As beneficiaries of a City of Cape Town housing development in Heideveld celebrated getting their title deeds last week, others claimed the project was riddled with corruption and the houses were “falling apart”.

Brett Herron, the mayoral committee member for transport and urban development, along with ward councillor Anthony Moses and Sub-council 11 chairperson Antonio van der Rheede, attended the ceremony at the Cathkin community centre, on Thursday November 30, where title deeds were presented to some of the project’s beneficiaries. But outside the hall, other residents protested.

Their spokeswoman, Vanessa Sauls, said the houses in Heideveld Housing Development had been poorly built; their R450 000 valuations were too high, making it impossible for many of the occupants to pay the accompanying rates; and complaints about allegedly crooked housing officials had been ignored.

Ms Sauls claimed the project’s youngest recipient was just 19 years old.

“Some people who were not on the beneficiary list were given houses. Traffic cops and police officers have moved into these houses, when it is clear that they would not qualify for these houses, as they earn above the threshold,” she said.
“Then you get a beneficiary who received a small raise since applying for the house, and now, years down the line, earns a few rand too much, and who is now being denied a housing opportunity.

“We are a laughing stock. We have sent so many complaints to the ward councillor, Anthony Moses, but nothing has been done. We have now called on the national Minister of Human Settlements, Lindiwe Sisulu, to investigate.”

However, Mr Herron denied the corruption allegations, saying they were based on rumour and not backed up by formal complaints or affidavits.

As to the claim that a 19-year-old had received a house, Mr Herron said: “Allocation is done in order of age, so allocation to such young beneficiaries is generally not possible. The matter can be investigated further if information substantiating such allegations is provided to the City.”

He said those who could not afford to pay rates should approach the City for an indigent rates relief. And he brushed off Ms Sauls’s claims about poor workmanship.

“Some houses have snags that are being attended to by the contractor. In those cases, beneficiaries have signed off against snags to enable them to move into their houses sooner.”

Mr Herron said the units were signed off by several quality controllers – including the City’s inspectors, provincial inspectors and the National Home Builders Registration Council (NHBRC) – to ensure they met required standards.
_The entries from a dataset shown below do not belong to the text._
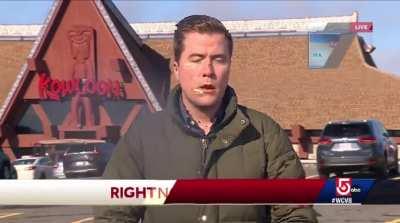 Tragic accident man manages to kill him self from wearing a knife around his neck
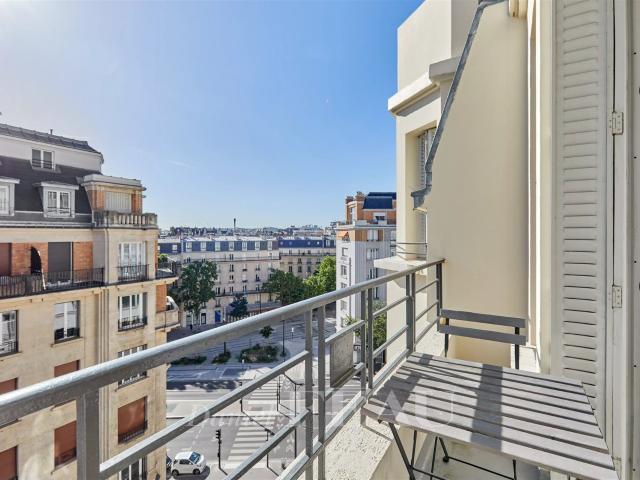Paris XVIIe Dardanelles 3 chambres balcons. 110m² Paris 17ème
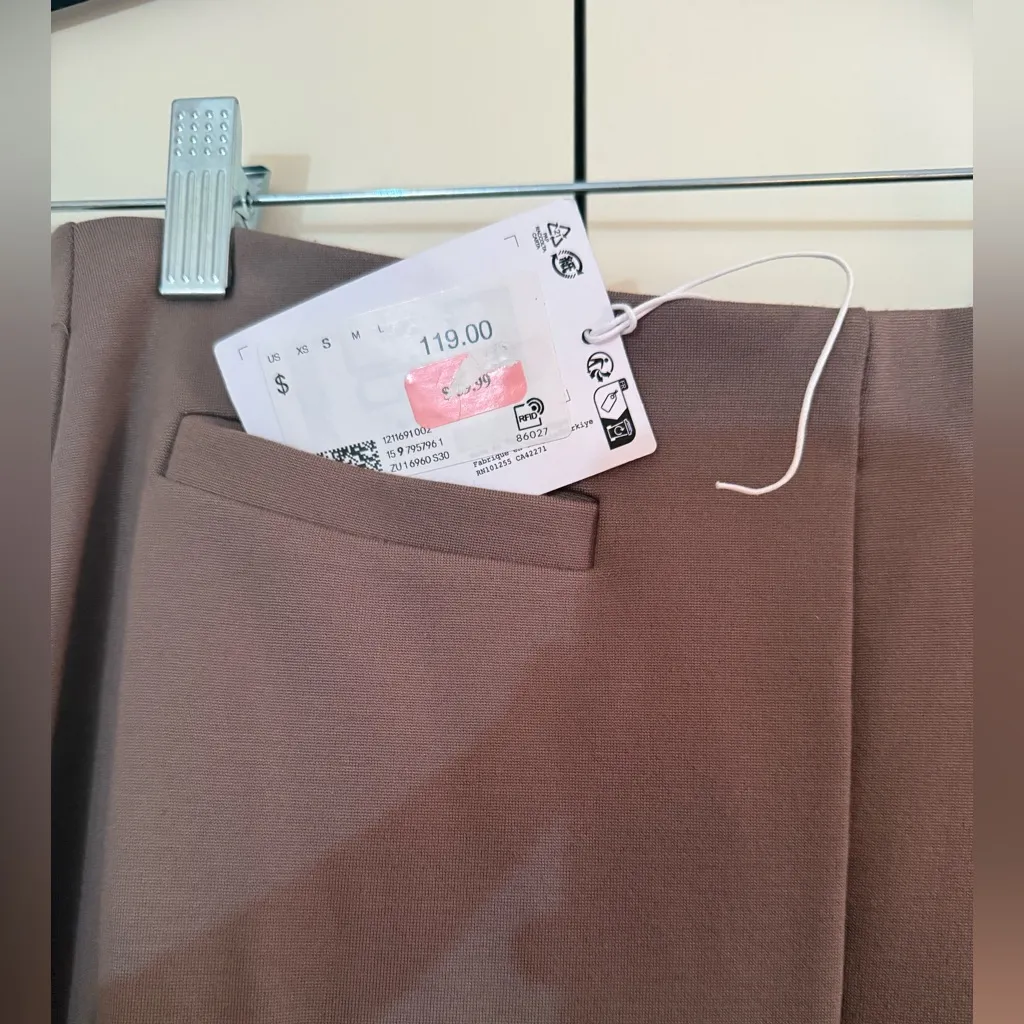 & other stories brown long skirt with pockets - Image 5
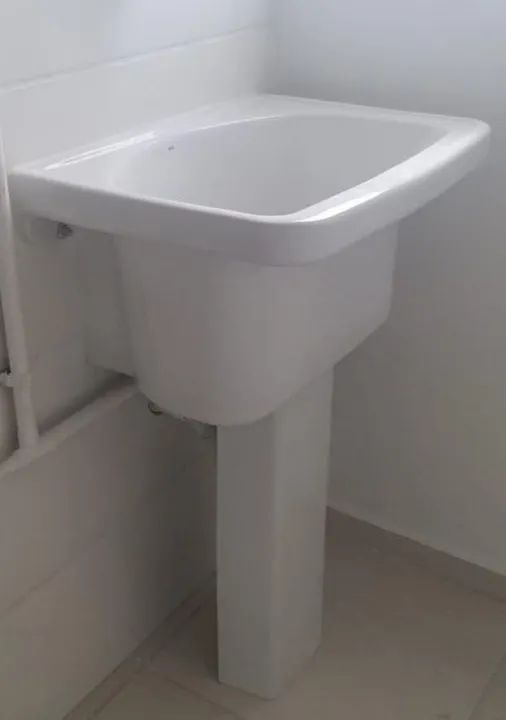 Pia para Cozinha 1,20 Sintético Preto com cuba inox + Tanque Deca cerâmica 22L - Foto 3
“Some people who were not on the beneficiary list were given houses. Traffic cops and police officers have moved into these houses, when it is clear that they would not qualify for these houses, as they earn above the threshold,” she said.

“Then you get a beneficiary who received a small raise since applying for the house, and now, years down the line, earns a few rand too much, and who is now being denied a housing opportunity.

“We are a laughing stock. We have sent so many complaints to the ward councillor, Anthony Moses, but nothing has been done. We have now called on the national Minister of Human Settlements, Lindiwe Sisulu, to investigate.”

However, Mr Herron denied the corruption allegations, saying they were based on rumour and not backed up by formal complaints or affidavits.

Regarding the claim that a 19-year-old had received a house, Mr Herron said: “Allocation is done in order of age, so allocation to such young beneficiaries is generally not possible. The matter can be investigated further if information substantiating such allegations is provided to the City.”

He said those who could not afford to pay rates should approach the City for indigent rates relief. And he brushed off Ms Sauls’s claims about poor workmanship.

“Some houses have snags that are being attended to by the contractor. In those cases, beneficiaries have signed off against snags to enable them to move into their houses sooner.”

Mr Herron said the units were signed off by several quality controllers – including the City’s inspectors, provincial inspectors and the National Home Builders Registration Council (NHBRC) – to ensure they met required standards.

After signing their deeds of sale, beneficiaries of the Breaking New Ground (BNG) houses have to attend workshops on home ownership run by the City on Saturdays.

“They are educated on various topics related to home ownership, including the importance of home maintenance, the purpose of a title deed and drafting a will,” said Mr Herron.

Responding to allegations that traffic officers and police officers benefited from the housing project, despite earning above the threshold, Mr Herron said: “Beneficiaries were approved as far back as 2011. If the beneficiary met the qualifying criteria at the time, he/she remains an approved beneficiary even when their personal circumstances improve after approval.”

He denied some beneficiaries were leaving their relatives in the City’s housing rental stock when they moved into their new houses because the Heideveld housing office inspected all the rental units after the tenants left.

“Keys to the new house are not handed over if the unit is not found to be vacant,” he said.